The following language codes are supported:

  • Arabic (ar)
  • Catalan (ca)
  • Danish (da)
  • Dutch (nl)
  • English (en)
  • Finnish (fi)
  • French (fr)
  • German (de)
  • Greek (el)
  • Hungarian (hu)
  • Indonesian (id)
  • Irish (ga)
  • Italian (it)
  • Norwegian (nb)
  • Portuguese (pt)
  • Romanian (ro)
  • Russian (ru)
  • Spanish (es)
  • Swedish (sv)
  • Turkish (tr)

Example: Adding Multilingual Documents

import marqo

mq = marqo.Client("http://localhost:8882", api_key=None)

# Create unstructured index
mq.create_index(
    index_name="multilingual-index",
    type="unstructured",
    model="hf/e5-base-v2"
)

# Define language mappings
language_mappings = {
    "title_en": {"type": "text_field", "language": "en"},
    "title_fr": {"type": "text_field", "language": "fr"},
    "title_es": {"type": "text_field", "language": "es"},
}

# Add documents with language mappings
mq.index("multilingual-index").add_documents(
    documents=[
        {
            "_id": "doc1",
            "title_en": "Brown shoes for men",
            "title_fr": "Chaussures marron pour hommes",
            "title_es": "Zapatos marrones para hombres"
        }
    ],
    tensor_fields=["title_en"],
    mappings=language_mappings
)
import marqo

mq = marqo.Client("https://api.marqo.ai", api_key="XXXXXXXXXXXXXXX")

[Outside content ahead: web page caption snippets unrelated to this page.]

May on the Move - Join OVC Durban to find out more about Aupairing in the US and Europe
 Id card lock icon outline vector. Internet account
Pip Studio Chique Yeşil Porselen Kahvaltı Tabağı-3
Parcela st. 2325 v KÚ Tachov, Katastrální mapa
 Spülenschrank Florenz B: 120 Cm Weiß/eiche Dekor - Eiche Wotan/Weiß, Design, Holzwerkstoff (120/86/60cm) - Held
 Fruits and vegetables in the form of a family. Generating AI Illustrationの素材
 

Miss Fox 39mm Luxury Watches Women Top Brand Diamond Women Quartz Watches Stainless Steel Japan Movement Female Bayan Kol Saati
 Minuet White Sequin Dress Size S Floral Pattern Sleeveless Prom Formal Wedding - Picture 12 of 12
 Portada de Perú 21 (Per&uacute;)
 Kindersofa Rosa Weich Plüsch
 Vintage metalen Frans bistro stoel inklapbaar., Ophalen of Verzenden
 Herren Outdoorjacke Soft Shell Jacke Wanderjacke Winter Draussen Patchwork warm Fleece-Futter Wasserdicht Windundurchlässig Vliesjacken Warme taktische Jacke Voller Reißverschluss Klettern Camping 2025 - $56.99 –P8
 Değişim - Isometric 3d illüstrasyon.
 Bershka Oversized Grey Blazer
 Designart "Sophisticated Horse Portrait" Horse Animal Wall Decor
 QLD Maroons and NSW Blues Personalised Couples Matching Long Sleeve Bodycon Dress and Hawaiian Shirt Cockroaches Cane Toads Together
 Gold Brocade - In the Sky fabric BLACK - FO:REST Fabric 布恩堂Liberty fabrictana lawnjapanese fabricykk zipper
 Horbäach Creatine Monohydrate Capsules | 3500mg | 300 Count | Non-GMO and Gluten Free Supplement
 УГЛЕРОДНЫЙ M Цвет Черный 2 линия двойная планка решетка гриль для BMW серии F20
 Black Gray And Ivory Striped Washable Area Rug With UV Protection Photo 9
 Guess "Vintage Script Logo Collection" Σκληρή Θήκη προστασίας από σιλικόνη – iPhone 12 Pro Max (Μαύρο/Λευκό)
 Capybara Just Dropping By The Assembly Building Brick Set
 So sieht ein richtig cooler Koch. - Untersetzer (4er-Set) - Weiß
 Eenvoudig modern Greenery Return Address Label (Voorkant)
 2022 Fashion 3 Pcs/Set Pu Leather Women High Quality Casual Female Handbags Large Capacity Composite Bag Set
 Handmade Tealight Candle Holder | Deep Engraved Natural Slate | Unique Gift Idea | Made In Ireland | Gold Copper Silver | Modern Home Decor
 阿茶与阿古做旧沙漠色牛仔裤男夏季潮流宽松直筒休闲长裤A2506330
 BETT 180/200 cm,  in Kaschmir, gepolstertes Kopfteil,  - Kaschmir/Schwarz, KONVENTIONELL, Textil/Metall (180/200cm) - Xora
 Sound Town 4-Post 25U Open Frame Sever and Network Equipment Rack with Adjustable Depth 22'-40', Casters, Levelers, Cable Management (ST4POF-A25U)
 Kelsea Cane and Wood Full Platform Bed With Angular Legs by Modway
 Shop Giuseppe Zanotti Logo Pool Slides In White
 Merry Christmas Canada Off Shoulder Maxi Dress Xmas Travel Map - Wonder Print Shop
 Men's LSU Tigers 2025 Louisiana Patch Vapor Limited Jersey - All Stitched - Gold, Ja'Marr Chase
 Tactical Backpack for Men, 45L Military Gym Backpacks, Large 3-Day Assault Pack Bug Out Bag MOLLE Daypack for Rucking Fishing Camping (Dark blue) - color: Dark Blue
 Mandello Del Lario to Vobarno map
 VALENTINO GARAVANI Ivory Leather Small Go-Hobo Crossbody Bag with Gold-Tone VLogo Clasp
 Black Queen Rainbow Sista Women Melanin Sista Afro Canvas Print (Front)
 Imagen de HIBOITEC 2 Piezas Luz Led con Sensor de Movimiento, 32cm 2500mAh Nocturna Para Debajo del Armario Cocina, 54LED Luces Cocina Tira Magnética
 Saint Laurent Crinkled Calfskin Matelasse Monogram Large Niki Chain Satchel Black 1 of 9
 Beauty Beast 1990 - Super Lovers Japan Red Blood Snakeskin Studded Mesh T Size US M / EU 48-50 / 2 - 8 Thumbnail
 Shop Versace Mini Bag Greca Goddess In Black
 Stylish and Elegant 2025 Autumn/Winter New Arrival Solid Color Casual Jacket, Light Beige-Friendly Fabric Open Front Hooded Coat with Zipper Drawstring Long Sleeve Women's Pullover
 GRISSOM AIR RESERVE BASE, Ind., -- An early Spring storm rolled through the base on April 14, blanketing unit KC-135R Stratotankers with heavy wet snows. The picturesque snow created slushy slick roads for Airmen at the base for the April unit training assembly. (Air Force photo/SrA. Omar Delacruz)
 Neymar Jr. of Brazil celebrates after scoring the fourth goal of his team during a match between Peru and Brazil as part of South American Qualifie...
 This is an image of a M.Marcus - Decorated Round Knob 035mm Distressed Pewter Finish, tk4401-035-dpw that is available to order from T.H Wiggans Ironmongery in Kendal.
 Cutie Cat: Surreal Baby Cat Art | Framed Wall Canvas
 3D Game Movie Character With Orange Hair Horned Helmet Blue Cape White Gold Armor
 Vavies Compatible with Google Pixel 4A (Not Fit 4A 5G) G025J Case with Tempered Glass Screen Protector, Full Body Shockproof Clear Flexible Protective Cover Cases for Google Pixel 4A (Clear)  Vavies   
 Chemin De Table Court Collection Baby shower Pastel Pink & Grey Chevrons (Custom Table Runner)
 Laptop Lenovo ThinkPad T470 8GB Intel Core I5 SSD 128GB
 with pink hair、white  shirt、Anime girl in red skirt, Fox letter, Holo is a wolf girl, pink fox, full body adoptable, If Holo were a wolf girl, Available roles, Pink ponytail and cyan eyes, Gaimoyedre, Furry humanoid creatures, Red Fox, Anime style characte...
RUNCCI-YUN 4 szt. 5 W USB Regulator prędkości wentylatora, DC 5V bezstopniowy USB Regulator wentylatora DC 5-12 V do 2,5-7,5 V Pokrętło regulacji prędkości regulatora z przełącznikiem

# Create unstructured index
mq.create_index(
    index_name="multilingual-index",
    type="unstructured", 
    model="hf/e5-base-v2"
)

# Define language mappings
language_mappings = {
    "title_en": {"type": "text_field", "language": "en"},
    "title_fr": {"type": "text_field", "language": "fr"}, 
    "title_es": {"type": "text_field", "language": "es"},
}

# Add documents with language mappings
mq.index("multilingual-index").add_documents(
    documents=[
        {
            "_id": "doc1",
            "title_en": "Brown shoes for men",
            "title_fr": "Chaussures marron pour hommes", 
            "title_es": "Zapatos marrones para hombres"
        }
    ],
    tensor_fields=["title_en"],
    mappings=language_mappings
)

Example: Searching with Language Mappings

Once you've indexed documents with language mappings, you can search them using the language parameter:

# Search in French
results = mq.index("multilingual-index").search(
    q="chaussures marron",
    search_method="LEXICAL",
    language="fr",
    searchable_attributes=["title_fr"]
)

# Hybrid search combining tensor and language-specific lexical search
results = mq.index("multilingual-index").search(
    q="brown shoes",
    search_method="HYBRID",
    language="en",
    hybrid_parameters={
        "retrievalMethod": "disjunction",
        "rankingMethod": "rrf"
    }
)
# Search in French
results = mq.index("multilingual-index").search(
    q="chaussures marron",
    search_method="LEXICAL",
    language="fr",
    searchable_attributes=["title_fr"]
)

# Hybrid search combining tensor and language-specific lexical search
results = mq.index("multilingual-index").search(
    q="brown shoes",
    search_method="HYBRID",
    language="en",
    hybrid_parameters={
        "retrievalMethod": "disjunction",
        "rankingMethod": "rrf"
    }
)